We should be focused on the things of God daily, exercising our “spiritual muscles.” We can do this through prayer, fasting, studying the scriptures, and showing love to our neighbor. Each time you do something like this it is like lifting a spiritual weight that strengthens your spiritual muscles (which will last forever), building you up stronger.
We have an older fiberglass boat that needed some fixing a couple years ago. Well when you fix a crack or hole in fiberglass, you can buy a kit containing fiberglass cloth, a kind of thick, syrupy liquid called resin, and a small bottle of “hardener,” which when you mix with the resin, it will harden everything solid.
So what you do is after you have mixed the resin and the hardener together, you take a piece of fiberglass cloth and dip it into the mixture, and quickly lay it onto the crack or hole. Usually we do this several times, so that by the time we are finished, we have laid down 5 or 6 layers and we have a nice thick patch that hardens into place.

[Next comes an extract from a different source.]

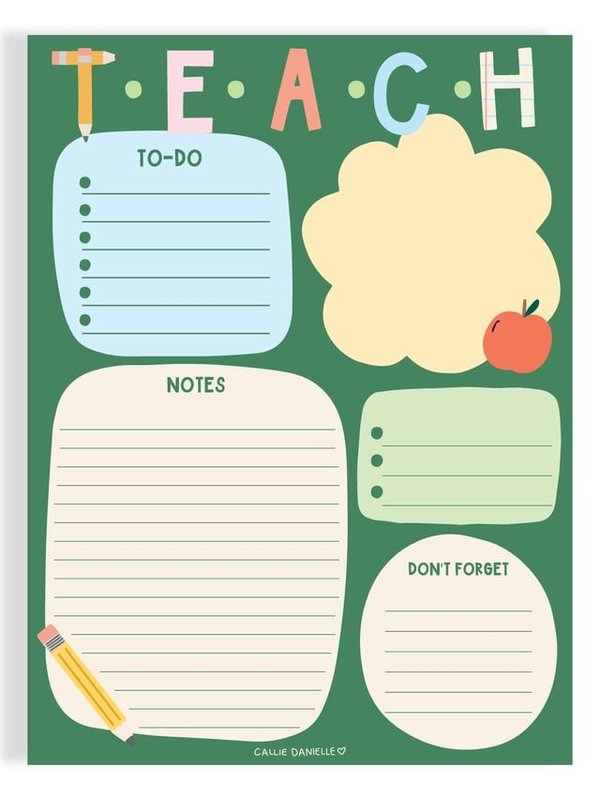 Teach School-Themed Daily Planner 6×8 To Do Notepad, 1 of 3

We could have tried to put a piece of duct tape over the crack, but that would not have been very productive, or “profitable,” because it would have just fallen off after a short while. We wanted to fix it so that it was fixed strong and permanently.

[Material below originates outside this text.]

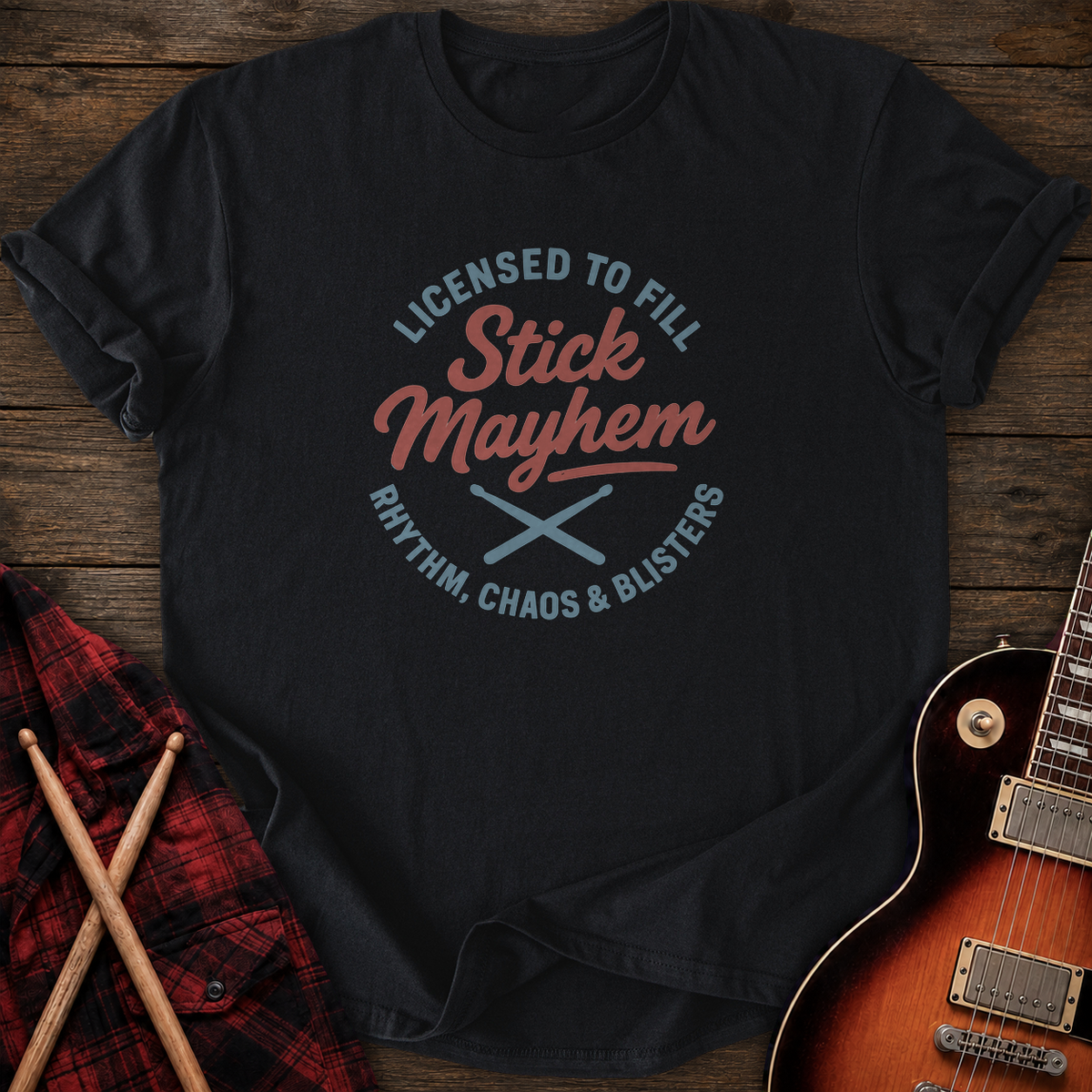 SOUNDOSE Stick Mayhem T-Shirt — Black t-shirt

Every house has a foundation, whether it is good and solid or not. Jesus used this as an example to teach the difference between someone who does His will or not.
“Therefore whosoever heareth these sayings of mine, and doeth them, I will liken him unto a wise man, which built his house upon a rock:
And the rain descended, and the floods came, and the winds blew, and beat upon that house; and it fell not: for it was founded upon a rock.
And every one that heareth these sayings of mine, and doeth them not, shall be likened unto a foolish man, which built his house upon the sand:
And the rain descended, and the floods came, and the winds blew, and beat upon that house; and it fell: and great was the fall of it.” Matthew 7:24-27
In this parable, the man whose house had been built on the rock did not fall when the storm came. It was built strong, just like a Christian will be when they faithfully hear and do the Lord’s will. And those who build their house on the sand are those who do not do what they have heard from the scriptures.
Jesus is our foundation, He is the root of the Christian tree. When we build our lives around Him, we will be strong and unmovable.
“And are built upon the foundation of the apostles and prophets, Jesus Christ himself being the chief corner stone;” Ephesians 2:20
Exercise your spiritual muscles. Be strong in your faith!